McCord's Estate

Henderson, J.,

By her will the testatrix directed as follows: “It is my intention by this my will to dispose not only of all estate and property which I own or hold in my own right, but also all over which I have any power of appointment and especially that devised or bequeathed by the will of my Father, John D. McCord, and it is my further intention that the entire estate and property shall be administered by my Executors hereinafter named for the purpose of carrying out the provisions of my will.”

It would be difficult to conceive of language more expressive of the intent to reduce the appointed estate to the possession of the executors of the decedent for every purpose of her -will.

In the absence of an express direction, no such intent will be implied. Ever since King’s Estate, 14 W. N. C. 77; Swaby’s Appeal, 14 W. N. C. 553; Dunglison’s Estate, 201 Pa. 592, and Cox v. Dickson, 256 Pa. 510, the doctrine of Rous v. Jackson, L. R., 29 Ch. D. 521, has been repudiated in Pennsylvania, and we have followed that of Powell’s Trusts, 39 L. J. Ch. 188. (These questions are discussed in Gray on Perpetuities (3rd ed.), 658, in support of the doctrine enunciated in Powell’s Trusts; and contra by Prof. Kales in 26 Harvard Law Rev. 64, and by J. L. Thorndike, Esq., in 27 Harvard Law Rev. 705.)

It has also been held that no such implications will be made where the power is exercised merely under the Act of June 4, 1879, P. L. 88: Huddy’s Estate, 236 Pa. 276.

In South’s Estate, 248 Pa. 165-168, Mr. Justice Potter said: “The Act of 1879 is in substance a declaration that a gift or devise of the whole of one's estate shall carry with it property over which there was a power of appointment by will. As our brother Moschzisker said in Huddy’s Estate, 236 Pa. 276 (282): ‘Its effect is to make the will of a donee of an unrestricted absolute power operate as an exercise of the power, even though no such intention is expressed therein. The law now assumes that such was the intent of the testator, unless a contrary intent appears by the will: Aubert’s Appeal, 109 Pa. 447.’ ”
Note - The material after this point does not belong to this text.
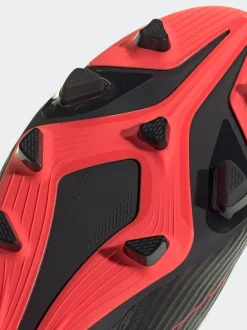 adidas Black F50 Club Football Boots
In brief, the effect of this ruling assimilates power with ownership or property. A testator may deal with it in that way, and if he does, it follows that the benefits of ownership must carry all the burdens incident thereto. The title and incidents of ownership are inseparable.

This testatrix has dealt with this estate as her own; she has reduced it to the possession of her executors for all purposes of her will — administration *6expenses, debts, legacies — and she has even given a part of it to new trustees, whom she names. She has in effect written into her will the rule in Rous v. Jackson, L. R., 29 Ch. D. 521. We know of no reason why she should not do so, and having so directed, the legacies to her nephews and nieces are liable for the collateral tax, even though they are the lineals of John D. McCord.
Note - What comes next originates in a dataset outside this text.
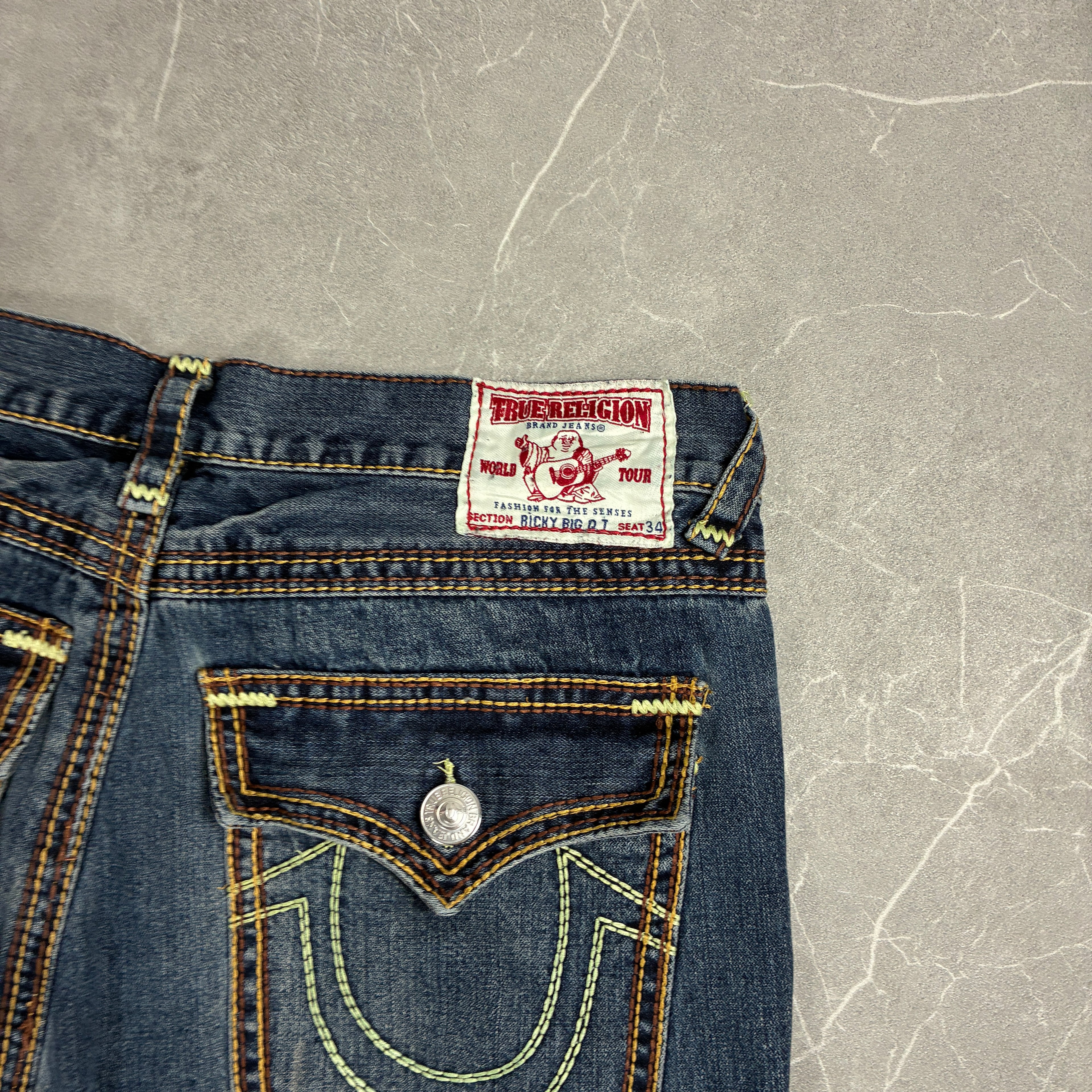 True Religion Jeans (W37)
Donees under general powers of testamentary appointment may dispose of the estate, subject to the power, directly to their appointees, or they may reduce it to the possession of their executors and subject it to their debts, expenses of administration and legacies. When the latter course is pursued, it passes as the estate of the donee, one of which he was possessed, by virtue of the power, in his lifetime.

It is argued that the donee of the power might contravene the rule against perpetuities by creating a trust beyond the limit applicable to the donor. This objection overlooks the fact that by reducing the estate to possession, the donee may create such a trust. It would be just as valid to argue that upon the termination of a long trust, the remainderman could not again put the fund in trust for a period which would offend the rule as applicable to the earlier testator. See Rous v. Jackson, L. R., 29 Ch. D. 521.

The exceptions are dismissed and the adjudication confirmed absolutely.

Lamorelle, P. J., dissents. For dissenting opinion, see 2 D. & C. 130.